● REQUIREMENT:
After the line containing "Audi Q7 2018", copy nothing more; up to and including it, copy every line of the listing exactly from the first, leaving out the pictures.
BEGIN SOURCE MATERIAL
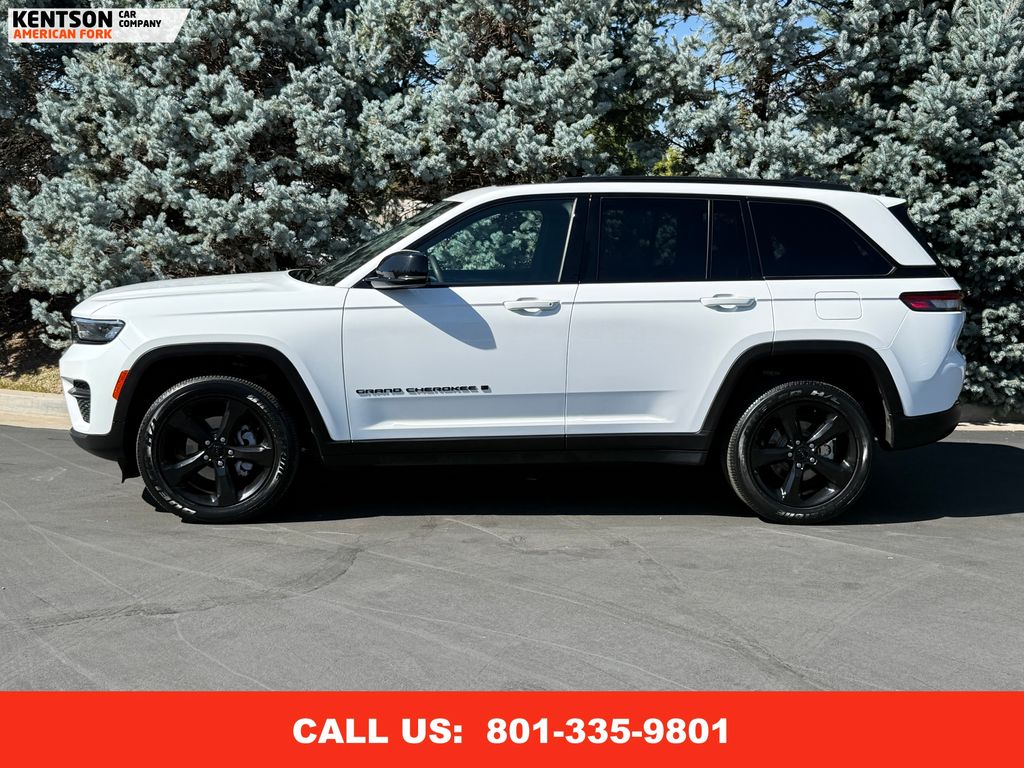 2023 Jeep Grand Cherokee Laredo Altitude photo 4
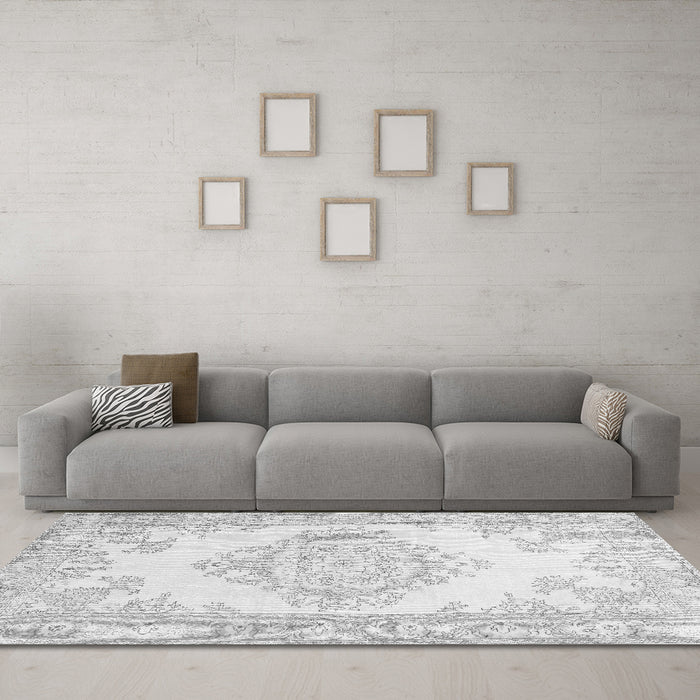 Machine Washable Abstract Gray Contemporary Rug in a Living Room,, wshcon449gry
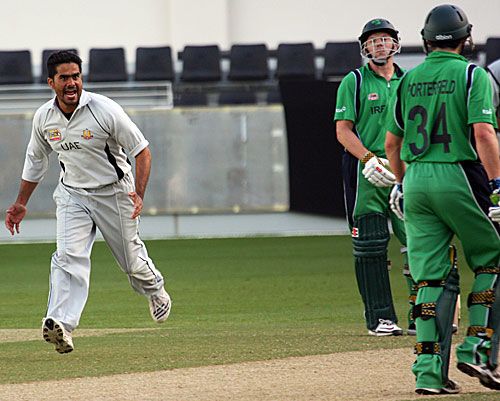 saqib-ali-celebrates-the-wicket-of-william-porterfield-espncricinfo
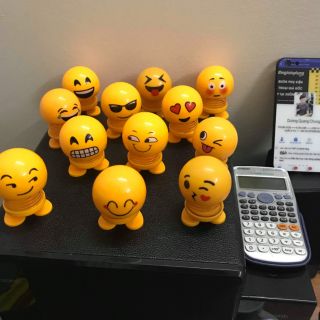 [Emoji 5k] 💋💋 Emoji Lò Xo Lắc Đầu, Trang Trí Xe Hơi, Bàn Làm Việc 💋💋💋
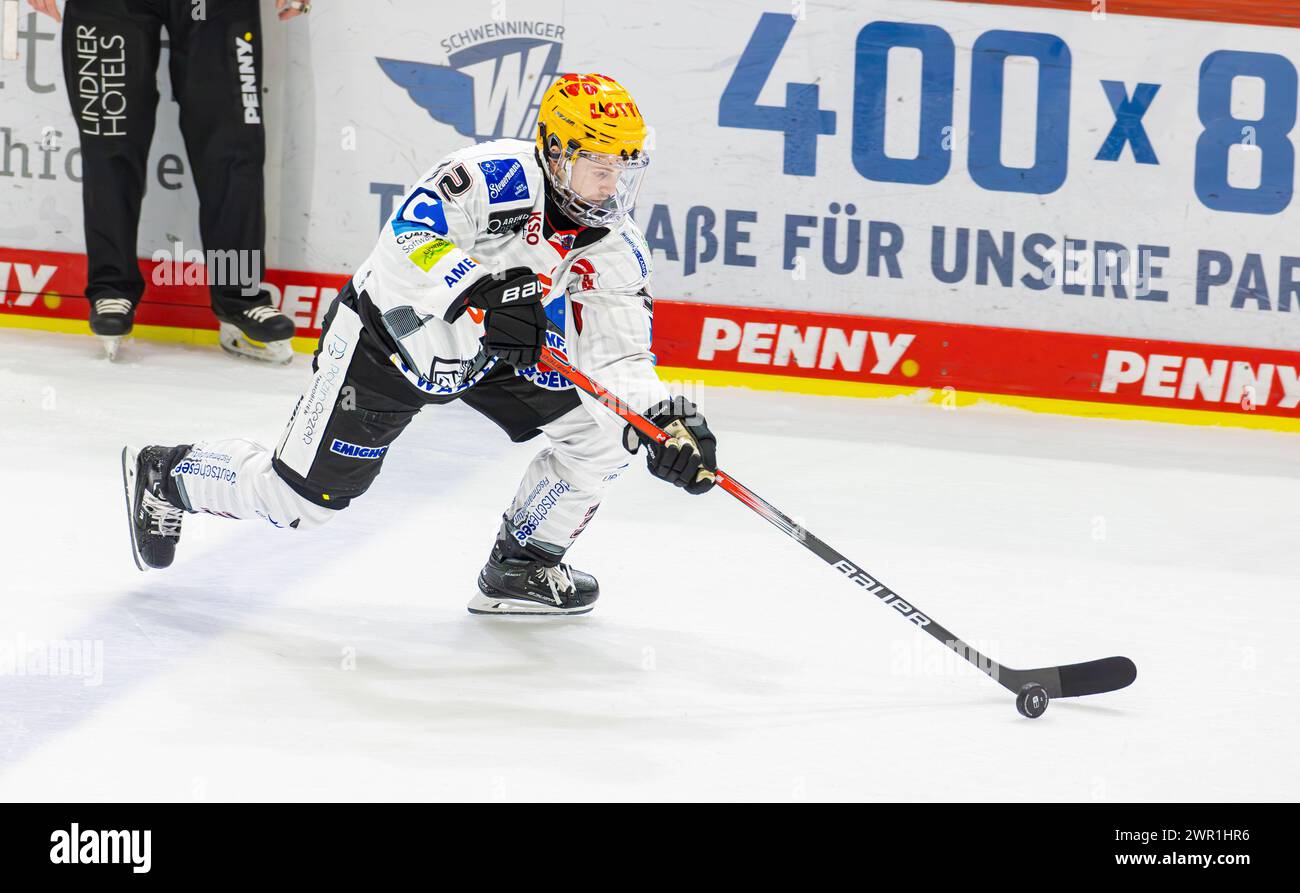 Schwenninger Wild Wings - Pinguins Bremerhaven, Helios Arena, Penny DEL, 30. Spieltag Hauptrunde: N. 32 Nicolas Appendino, Verteidiger Pinguins Bremerha Foto Stock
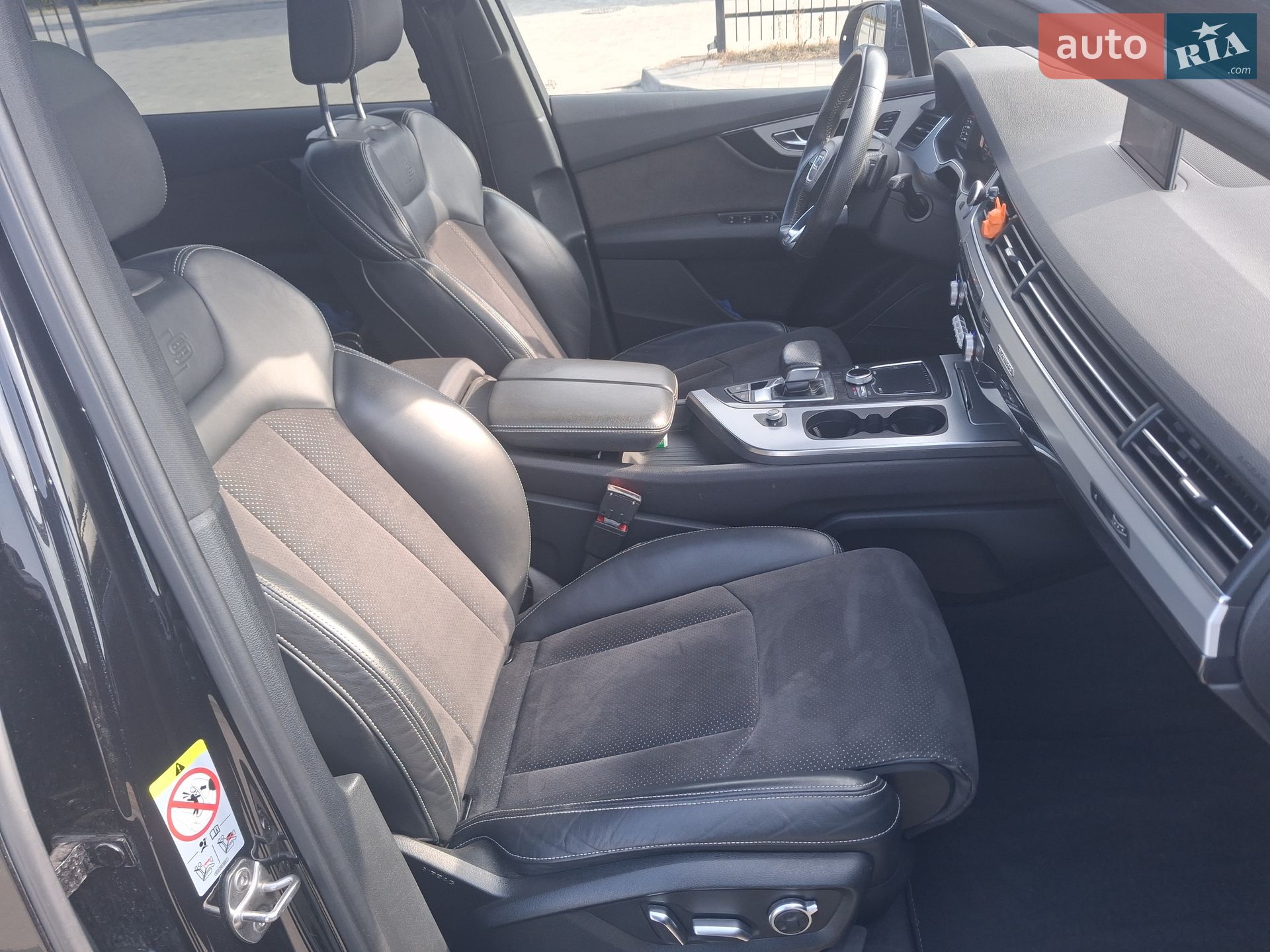 Audi Q7 2018 VIN WAUZZZ4M1JD045325 фото оголошення 43 з 74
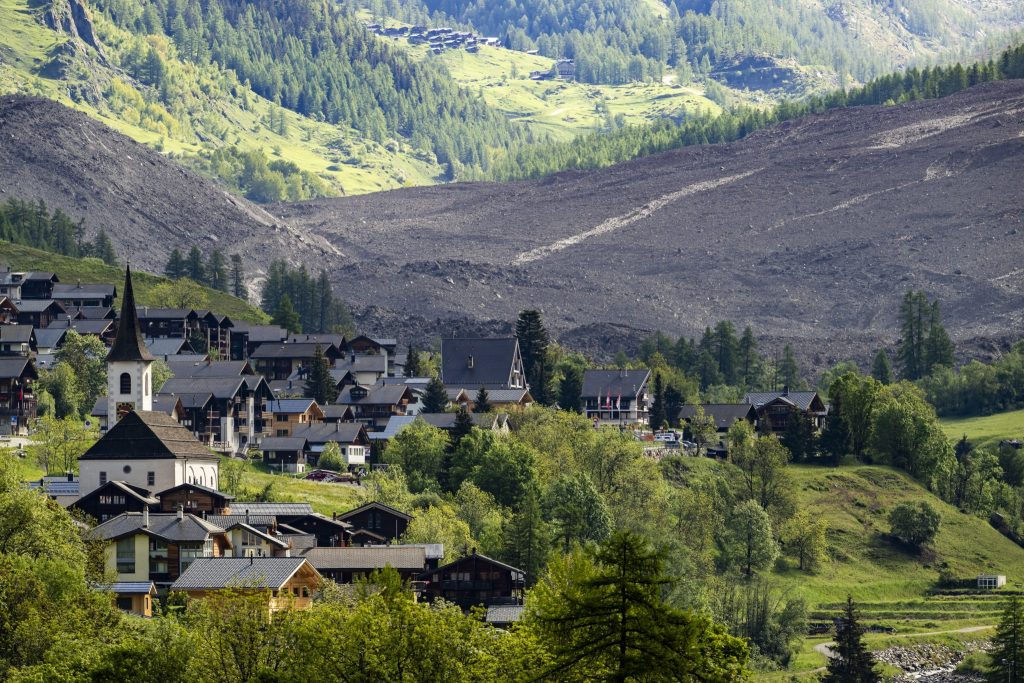 Solidaritätsbekundungen mit Bergsturz-Opfern im Lötschental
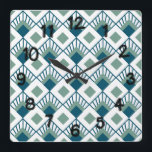 Art Deco Fans  Quadratische Wanduhr<br><div class="desc">Diese Wanduhr hat ein kunstvolles Deko-Design von aquamarinen Diamanten mit diagonalen Linien und meeresgrünen Diamanten auf einem weißen Feld.</div>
END SOURCE MATERIAL
● EXERCISE RESULT:
 2023 Jeep Grand Cherokee Laredo Altitude photo 4
 Machine Washable Abstract Gray Contemporary Rug in a Living Room,, wshcon449gry
 saqib-ali-celebrates-the-wicket-of-william-porterfield-espncricinfo
 [Emoji 5k] 💋💋 Emoji Lò Xo Lắc Đầu, Trang Trí Xe Hơi, Bàn Làm Việc 💋💋💋
 Schwenninger Wild Wings - Pinguins Bremerhaven, Helios Arena, Penny DEL, 30. Spieltag Hauptrunde: N. 32 Nicolas Appendino, Verteidiger Pinguins Bremerha Foto Stock
 Audi Q7 2018 VIN WAUZZZ4M1JD045325 фото оголошення 43 з 74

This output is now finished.